That was deliberate. Product leaders are designing for that reality while keeping their positioning broad enough to speak to everyone. Fiber in particular was everywhere, with products specifically engineered for daily gut support and satiety.

Question for product leadership: Is your formulation strategy keeping pace with how your category is being reshaped, even when no one is naming it directly?

Functional ingredients are mainstream but format fit is still tripping brands up.

Creatine in snacks. Mushrooms in beverages. Adaptogens in candy. Fiber in everything. The ingredient story alone no longer turns heads on the show floor. What product leaders are now asking has become “does this ingredient make sense in this format?” and “does it change the experience in ways we haven’t accounted for?”

We noticed the brands that generated buzz were the ones where the function felt like it belonged, not like it was added to chase a trend.

Seed oil-free was another signal worth paying attention to. It was all over the floor and it’s not a niche callout anymore. For product developers still including seed oils in their formulations, the question of whether and how to address it is landing on roadmaps now.

Question for product leadership: Does your functional ingredient improve the product experience, or complicate it in ways you haven’t fully stress-tested yet?

Women's health is a serious category, and product performance has to match the promise

Hormonal health, menopause, beauty-from-within, fertility support. This dominated the floor in a way that felt different from past years. The product leaders in this space are making claims and being held to them.

We noticed the brands gaining ground were the ones whose development teams had done the work — tested the product, validated the performance, and could stand behind the label with solid insight and proof.

And for an adjacent surprise: teen and tween skincare emerged as a notable category.

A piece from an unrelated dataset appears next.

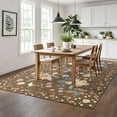 thumbnail image 2 of Takywep 8x10ft Brown Area Rug, Boho Floral, Washable, Non-Slip, Ultra Soft, Stain Resistant, Foldable, Pet Friendly, Low Pile, Botanical Accent Carpet for Living Room, Bedroom, Dining, 2 of 7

Even legacy brands had new lines targeting this demographic that are clean formulations, age-appropriate positioning, and a rock-solid signal that the next generation of CPG consumers is already being courted at the product development level.

Question for product leadership: Can your product back up what it’s promising, and have you validated it with enough rigor to say so confidently?

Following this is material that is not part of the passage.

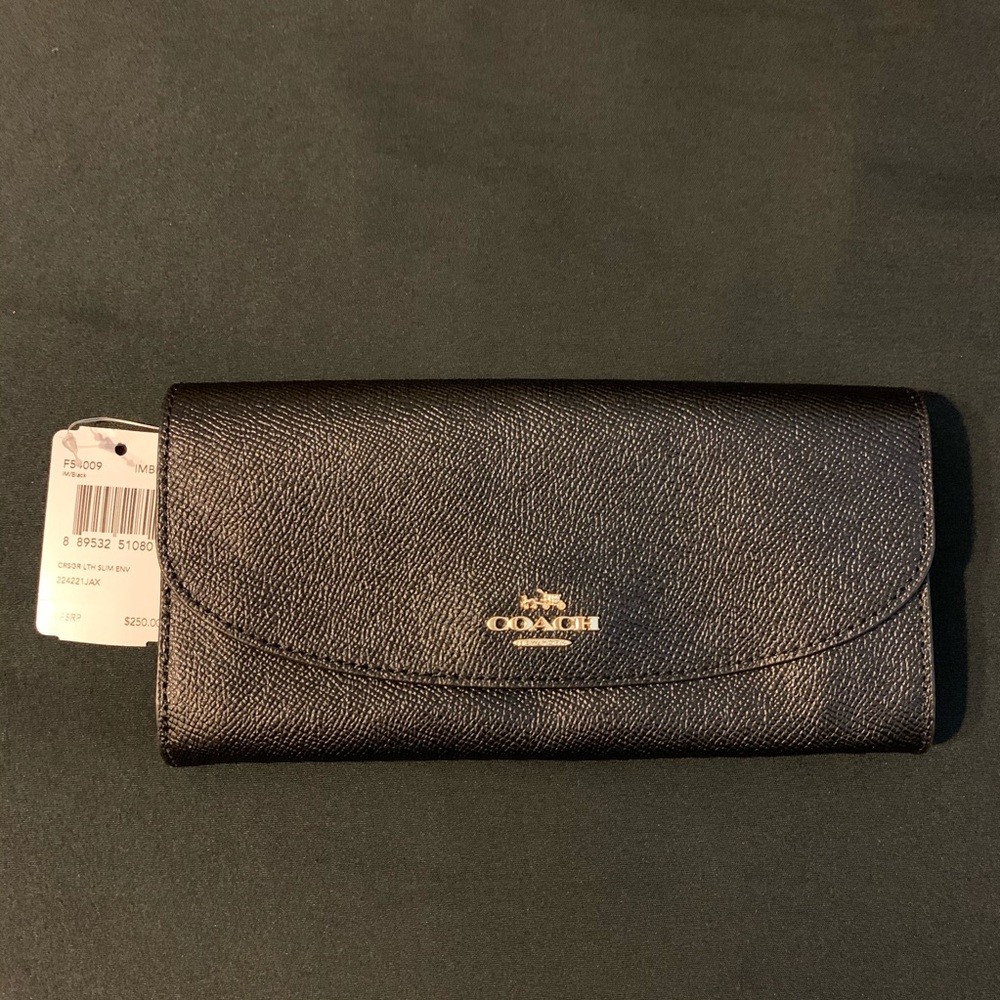 NWT Coach Wallet Black w/Gold Hardware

Clean label and reformulation is where brands find out what they actually have

Fewer ingredients. Simpler labels. Recognizable foods. Product developers across every category are stripping back formulations to meet the demand for transparency.

But the product leaders who’ve been through it know: reformulation is where you find out how well you understood your product in the first place. Change the wrong thing and you don’t find out until it’s too late to fix it quietly.

The brands we saw navigating this successfully came in with a clear understanding of knowing what their product delivered before they touched it.

Question for product leadership: Do you know your product well enough to know what a formulation change will cost you?

What we're taking forward

The product decisions getting made right now are consequential to their respective categories. Expo West made this clear to us. The leaders we talked to aren’t short on ambition or ideas. What they’re looking for is certainty and clarity that their products will be loved.